Uchroń się Pietrek od nienawiści!
Dwa wpisy na Niedzielę Pańską:
1) „Obserwacjom” złych na mnie gości (staruch nad grobem, nieumyty, wariat, pokraka, złodziej, Żyd itd, itp) towarzyszy zarzut nienawiści do PiS i Kaczyńskich. Zauważyłem, że pieśń „Boże uchroń nas od nienawiści” śpiewają często ci co nienawiść czują i chcą czuć. Dlatego jej nie śpiewam, zostawiam „obserwatorom”. Dziś dedykuję ją Piotrowi Zarembie.
2) Polecam jego artykuł w „Rzeczpospolitej”. Jest tam słodki kawałek mnie poświęcony: http://www.rp.pl/artykul/553965.html
Pietrek kochał Kaczyńskich, popierał ich sprawę, zawiódł się biedak, a ja ich nie kochałem, wiedziałem jacy będą zanim zdobyli władzę, nie zawiedli mnie, pisałem o tym. Więc mnie nie lubi, bo żeby ulegał przemysłowi nienawiści i pogardy to ani do głowy mi nie przychodzi. A Wam?
25 października 2010, o godzinie 15:19
I jeszcze jedno,
kto do diabła zabrania Ci zajmować się tym co uważasz za RZECZYWISCTOŚĆ. Zajmuj się nią, ale nie zachowuj się, jak instruktor KCPZPR, który mówił Wy towarzyszu nie powinniście sie tym zajmować, bo to nieważne, tylko tym i owym.

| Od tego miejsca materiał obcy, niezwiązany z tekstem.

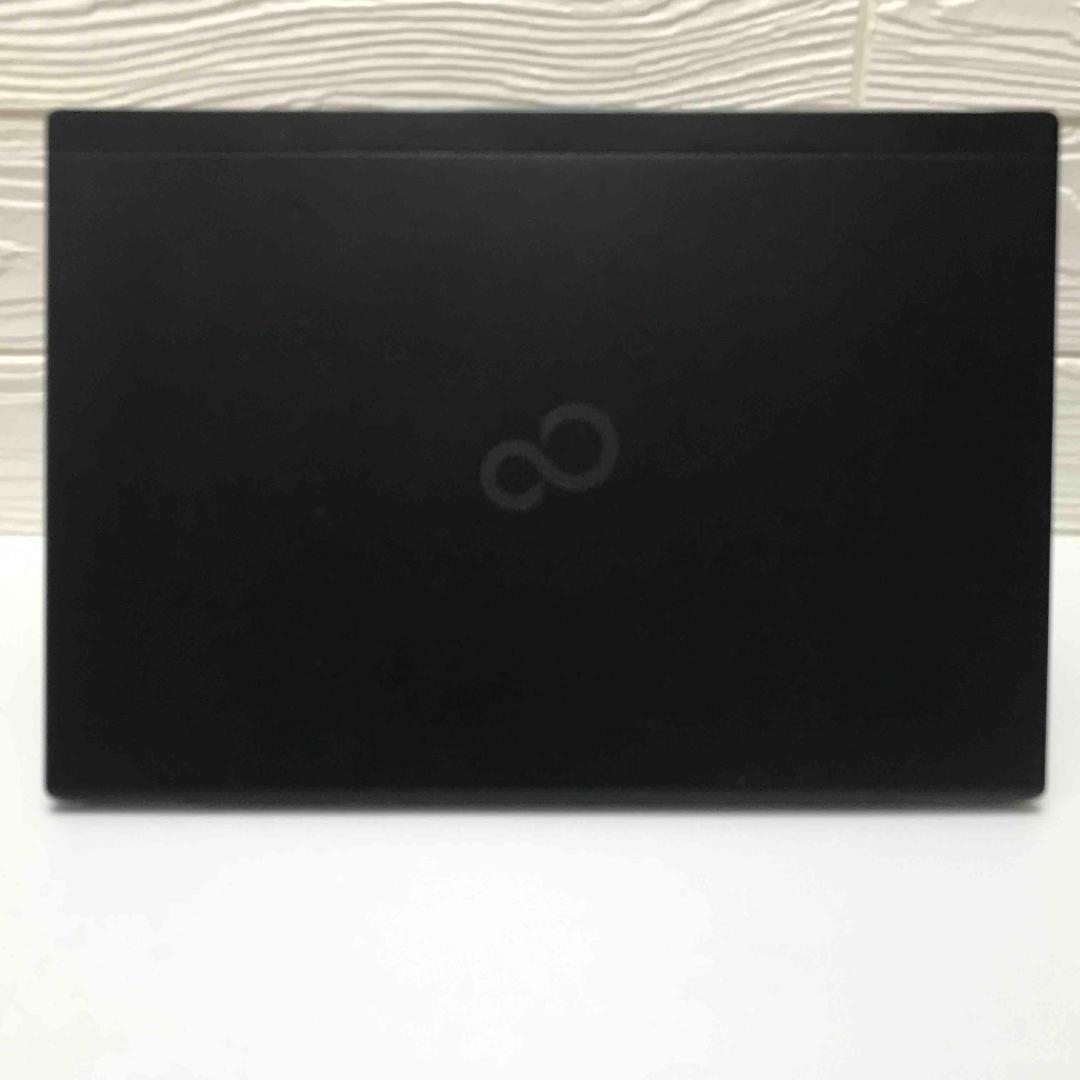 本日限りの価格》Offic2024認証済/LIFEBOOK U939/256GB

25 października 2010, o godzinie 15:33
Bucholc napisał(a):
25 października 2010, o godzinie 14:42
Czyżbyś był miarą Wszechrzeczy?
25 października 2010, o godzinie 18:08
Gospodarz/wiesiek59
Towarzysze, toz ja tak tylko dla ozywienia! Bo to wasze, w jednoglosie prowadzone szkolenie partyjne, stawalo sie takie, wicie rozumicie, no, przynudzajace. Pisze do was obu, nieublaganych odkrywcow okropnosci kaczyzmu w dniu dzisiejszym. Zdarzylo mi sie wlezc na ten blog akurat w momencie gdy jednotematyczne przynudzanie stalo sie nie do wytrzymania. Bo jeszcze i Zofia zapomniala o ostracyzmie dla oszolomow i miauknela zgodnym tonem. Emeryturki za niskie i dorabiac trzeba czy jak? Kiedys mozna bylo za stacza w kolejce sie zatrudnic i dorobic. Dzisiaj solidaruchy i to wam odebraly, wiec glodne kawalki o tym samym sadzicie na okraglo. Podobno na antykaczyzmie niektorzy zarabiali niekiepsko jak blizniacy przy wladzy byli. Dzisiaj nie podejrzewalbym Tuska o placenie za kopanie lezacego. Wiec wy gowno zarabiacie na tym przynudzaniu jedna i ta sama lekcja szkolenia znudzonych. To tak tytulem wyjasnienia dla tych co wciaz mysla, ze Kuczynskiemu placa za jego prywatne obsesje.
25 października 2010, o godzinie 18:29
Wieśku, mnie się wydaje, że powinniśmy skończyć z miłością do Litwy i do Ukrainy, bo jest ona jednostronna. Ja nie mówię, żeby pójść na wojnę, ale należy traktować te państwa normalnie, bez ekscytacji.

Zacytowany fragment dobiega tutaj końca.